Do Adam and Eve deserve not only pardon, but celebration for having the courage to take that first legendary bite of...Life?  Did the presentation of the fruit -the apple- present us with the chance to be both teacher and student?
**Now would be a good time to insert a side note: this blog is not an attempt to unravel the testament of Christianity's version of the beginning of the human condition.  It is, however, meant to serve as an expansion to it: an expansion of thought and possibility.**
From the moment we take our very first breath on this earth, we begin absorbing knowledge.  We may not yet have the words to describe the sensory explosion that immediately follows that first breath, but really, we don't need words at that time, because ultimately words exist solely for the service of others anyway, but THAT is all ours, and the moment of our birth is just for us, too: an awakening to the experience of the knowledge of good and evil.  An awakening to life.  As infants, we process and sort through our experiences in a very basic way: pain and comfort.  That's it.  And without having to understand a single word of any spoken language, we know the difference between the two, because one is what the other is not.  And life carries on that way.  We gather new knowledge based on how it compares to the knowledge we already hold, because one cannot just live in acceptance of the good without also waking to the bad - the "evil" - of the world. Everything is relative to something else. Without its comparable counterpart, we just simply cannot know a thing. 
But, as we grow, so does our range of experiences, and suddenly what was so instinctively black and white is now coated in layers of grey.  We begin reaching out for ways to properly categorize the innumerable influences in and of life.  I believe that there are two ways to make discoveries in life: 1) We can let someone else do the defining for us, thereby taking their information as the whole truth and then applying it - without question - to the thing for which we seek definition, or 2) We can live. We can live life as it was meant to be lived. We can learn from personal experience that where there is no heat, there will be a chill; where there is no light, there will be darkness; where there is no action, there is inaction; where there is no truth, it is somewhere other than where we are in that moment. To know that something is absent, we must first know its presence, yet to know how to define something as present, we must also have experienced absence.  In short, there can be no knowledge of "good" without knowledge of "evil."  And, with each side of a coin comes individual perspective, but the true beauty of knowledge of all kinds is that we are free to do with it as we please.

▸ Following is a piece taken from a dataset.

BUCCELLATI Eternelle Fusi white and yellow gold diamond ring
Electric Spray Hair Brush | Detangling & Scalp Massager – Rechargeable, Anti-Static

I suppose the next question begs to determine if God created us to be static or vital.  Was "paradise" really meant to be a state of blind and unchanging existence?  Because, let's face it: the only way we can change is through knowledge. OR is it more logical -more loving, even- to believe that we have been presented with the choice of leaving "paradise" -with the promise to one day return- so that we may receive the gift and experience of remembering all that we have chosen to forget?  Maybe...just maybe...after that first breath in infancy (the bite of the apple), we set out to seek the knowledge that "paradise" is really the Home for which we all strive; that place in which rest and rejuvenation can be found.  And how could we possibly know rest without first knowing unrest?